La questione della «cittadinanza democratica» delle donne si configura pertanto come un nodo irrisolto: sulla frontiera dell’uguaglianza, non meno che su quello della democrazia e della stessa difesa della dignità umana. Ne è parte inscindibile - in un complesso intreccio concettuale e politico, carico di implicazioni teoriche e pratiche insieme - la tensione dilemmatica fra uguaglianza e differenza, nella difficile e delicata componibilità delle ragioni, dei diritti e delle identità riferibili all’una o all’altra, in pari modo e in pari tempo. Un dilemma che storicamente attraversa la cultura e la condizione femminili, anticipatrici, pur sotto questo profilo, della sfida cruciale che alla «cittadinanza democratica» - come eguale libertà e paritaria appartenenza politica - propone l’odierno pluralismo delle etnie, delle culture, delle religioni e delle etiche, come delle opzioni e delle scelte esistenziali degli individui. Con i correlati diritti - individuali e collettivi - e le correlate, plurime rivendicazioni d’identità, a loro volta individuali e collettive. In uno con i rischi incombenti - vuoi di discriminazioni comunque inammissibili, vuoi di laceranti derive fondamentaliste o comunitariste - fronteggiabili, forse, nella prospettiva di un nuovo pensiero e di una nuova concettualizzazione del principio della «cittadinanza democratica», la cui capacità inclusiva sia ridefinita a partire proprio dall’originaria esclusione delle donne e dall’irrisolto dilemma della «cittadinanza delle donne».

All’approfondimento dell’accennato nodo problematico, tanto complesso quanto «essenziale affinché gli esseri umani godano di diritti umani» , è dedicata la lecture di Chiara Saraceno, che accolgo e saluto a nome di tutti, rinnovandole la gratitudine per aver accolto l’invito che la Fondazione le ha rivolto, riconoscendo in lei una delle voci più autorevoli della ricerca sociologica, italiana ed europea, nel campo soprattutto dell’analisi dei modelli di stato sociale e delle politiche di welfare, della famiglia nel mutamento sociale, della condizione femminile, delle problematiche di genere e delle relative politiche. Ma all’origine dell’invito c’è un’ulteriore circostanza, di non minore rilievo per noi, vale a dire il particolare rapporto di amicizia, di stima, di confronto - reciprocamente intransigente - che per lunghi anni, fin dai tempi della Commissione d’indagine sulla povertà, è intercorso tra lei ed Ermanno Gorrieri.

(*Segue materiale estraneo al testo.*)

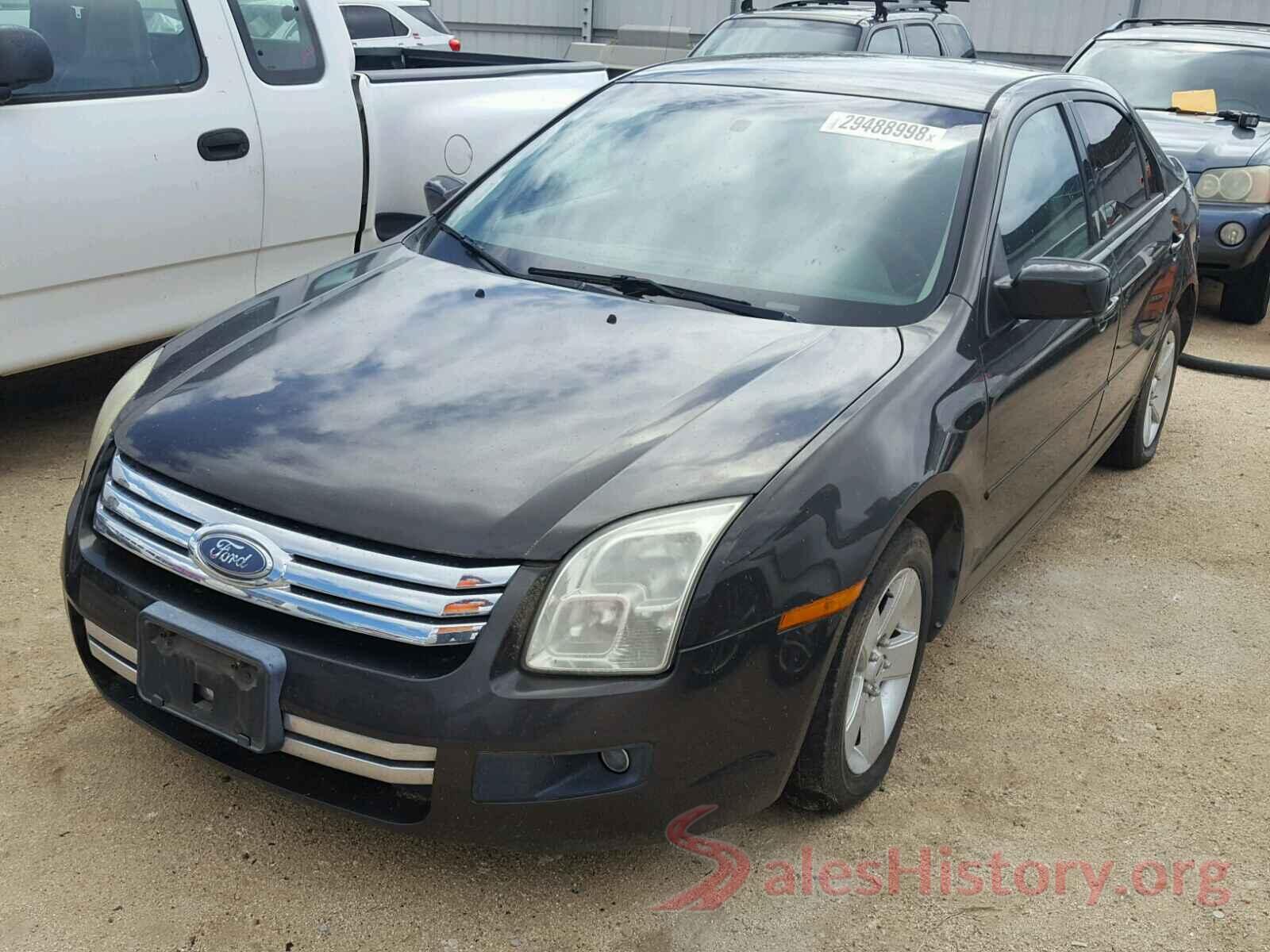 JTDZN3EU9HJ066770 2006 FORD FUSION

Insuperabili ragioni di tempo precludono una presentazione adeguata di Chiara Saraceno, non potendosi qui ripercorrerne il nutritissimo e superlativo - non saprei come altrimenti definirlo - curriculum professionale e accademico. Peraltro, la vostra presenza così numerosa testimonia della notorietà e del prestigio della sua figura di studiosa, di intellettuale e di donna civilmente impegnata in molteplici direzioni e funzioni, in Italia e in Europa. Ma alcuni almeno dei ruoli e delle attività che la vedono impegnata vanno evocati, non foss’altro che per dare un’idea del suo prodigarsi davvero senza limiti.

Chiara Saraceno è professore ordinario di Sociologia della famiglia nella facoltà di Scienze politiche dell’università di Torino e professore di ricerca al Wissenschaftszentrum für Sozialforschung di Berlino. Ha fatto parte della Commissione di indagine sulla povertà presso la Presidenza del consiglio dei ministri - di cui fu 1° presidente Gorrieri- poi ridenominata Commissione di indagine sull’esclusione sociale, di cui è stata presidente dal 1999 al 2001, curando l’elaborazione e l’edizione del Rapporto sulle politiche contro la povertà e l’esclusione sociale.1997-2001 (Roma, Carocci, 2002) . E’ stata rappresentante per l’Italia (2000-2001) nel Social Protection Committee della UE. Ha svolto e svolge attività di consulenza per la Commissione europea, il Consiglio d’Europa e l’OCSE.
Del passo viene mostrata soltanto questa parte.